Work's been fun, and the bike rides back and fourth pretty adventurous. Winter made a quick comeback this week, so I've been cycling in blizzard-like conditions a couple of times too. One day the weather was so intense I almost gave up and walked, the wind howling, sleet, rain and snow combined, hailing down upon me pushing me back as I dangerously strained that bike pedal that fell off last week, taking care at least to lean more on the handles if it'd slip again. The seat's been starting to sink too, so we bought a little clasp-type thing that'll hopefully keep it in place. Crappy bike: agreed.

I played some Dirt 3 earlier in the week, and I must say... I think I liked the older games better. Graphically it's awesome, but in terms of controls it's just... not as fun as it used to be! Not as simple! But back when I played Colin McRae 2.0 for the first time that felt like the most realistic driving experience I'd ever had; it's funny how time changes your perspective. Looking at graphics now I can imagine how games will continually keep improving and we'll always have that woah, they've done it now - it can't get better than this feeling when a new game comes out... I want to play some Oni right now, but I quell that impulse.
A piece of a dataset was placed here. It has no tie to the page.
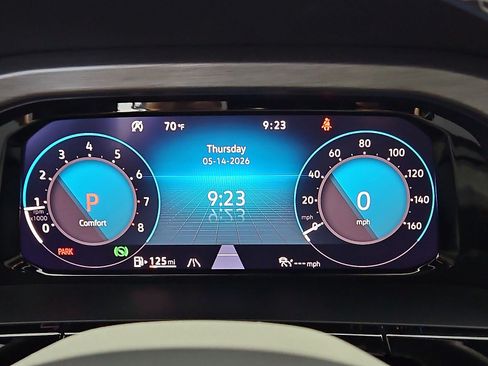 New 2026 Volkswagen Atlas Cross Sport SE FWD image 23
I'm about to watch a part of a movie and consume my super-healthy breakfast , and then it's time for texting. I mean creative writing. I mean work. At least there's no way to get distracted when the net's cut off, in some strange way it's almost like a feeling of... relief!

Or maybe that's just my nose running like a mofo. Posted a bunch of music earlier this week btw, but the one with music from 2013 never made it for some reason... maybe soon! Also this, and don't forget Larry Griswold!!! And Internet's back btw, but there's no way I'll be able to finish my studies in time, or even stay awake till the deadline, looks like it'll the first one I miss this semester. Tis been a tiring but happy day. ;) Here's last week.

Week 11 - Work

It's been one of those hasty weeks again!
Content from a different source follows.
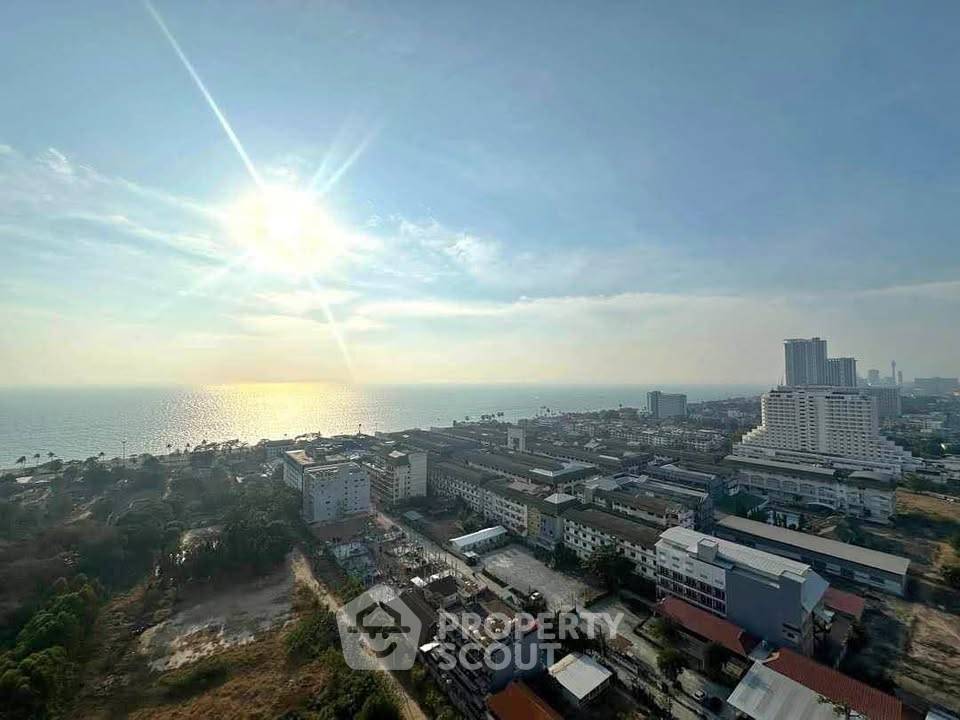 For SaleCondoPattaya, Bangsaen, Chonburi : 2-BR Condo at The Riviera Jomtien close to Jomtien Beach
I started a part-time job this week, and cycled to it on Tuesday (that was just the paper-signing event though, on which a pedal fell off the bike on the way back while I was leaning to the side the pedal was on in the middle of a curve) Wednesday (actually I had a lift on that day, hadn't fixed the pedal yet either, just patched up my knee) and Thursday (pedal seems to be holding, but I'm looking to buy a better bike, one with pedals that don't fall off and maybe... gears), and from now on it'll be Monday (on which it snowed hellishly and I almost gave up and walked - in case I forget to mention that later on), Tuesday (today woot) and Thursday (that's the longer day, Mon/Tue are just a few hours) every week.
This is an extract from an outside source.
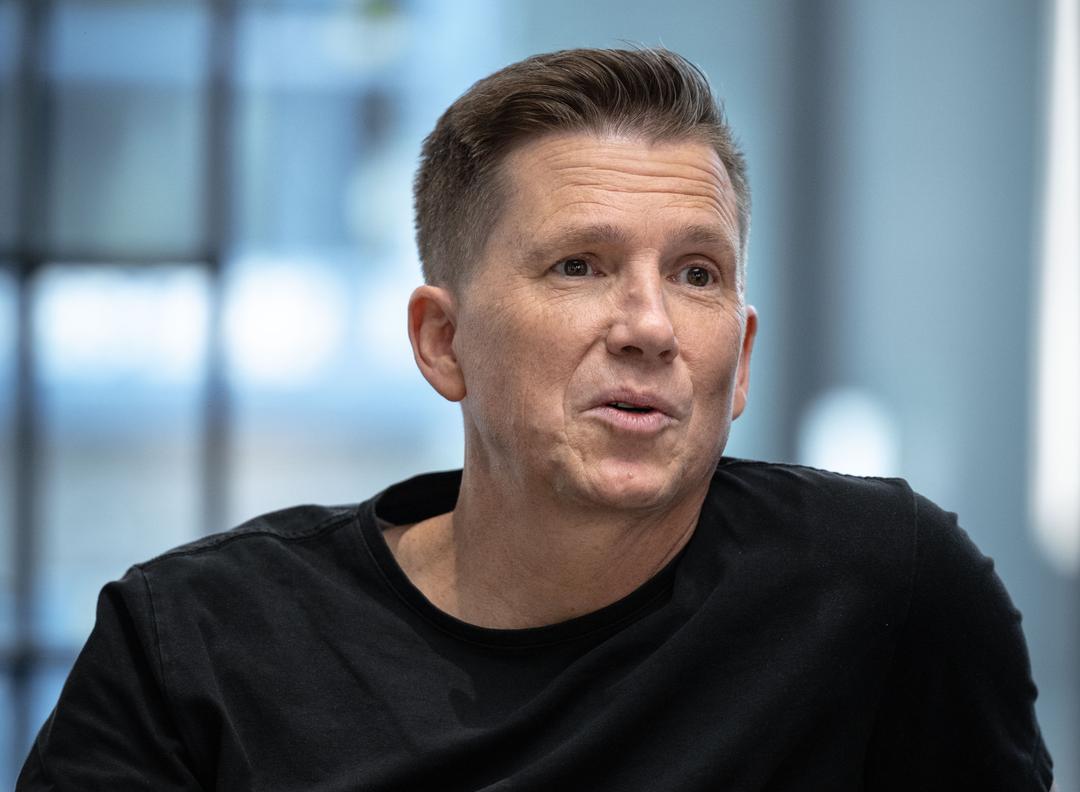 Viaplay-profil Kasper Wikestad må opereres igjen – blir borte fra skjermen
It's a good job, not bad, not bad at all. Not well-paid but not troublesome or boring either... at least not yet. On Tuesday I was doubtful about it all, as I usually am with stuff like this, on Wednesday I was melancholy and tired cause for some reason I've been waking up a couple of hours before my alarm clock, and on Thursday... I felt great! I've spent way too much time preparing and reading up on things like contracts and taxes, and my employer didn't give me the most detailed specifics on what I'd be doing or how I should be doing it, or what I should do if this or that happens and what I shouldn't do or what people normally take for granted. But it's all good... now. I think I might be getting free lunches too.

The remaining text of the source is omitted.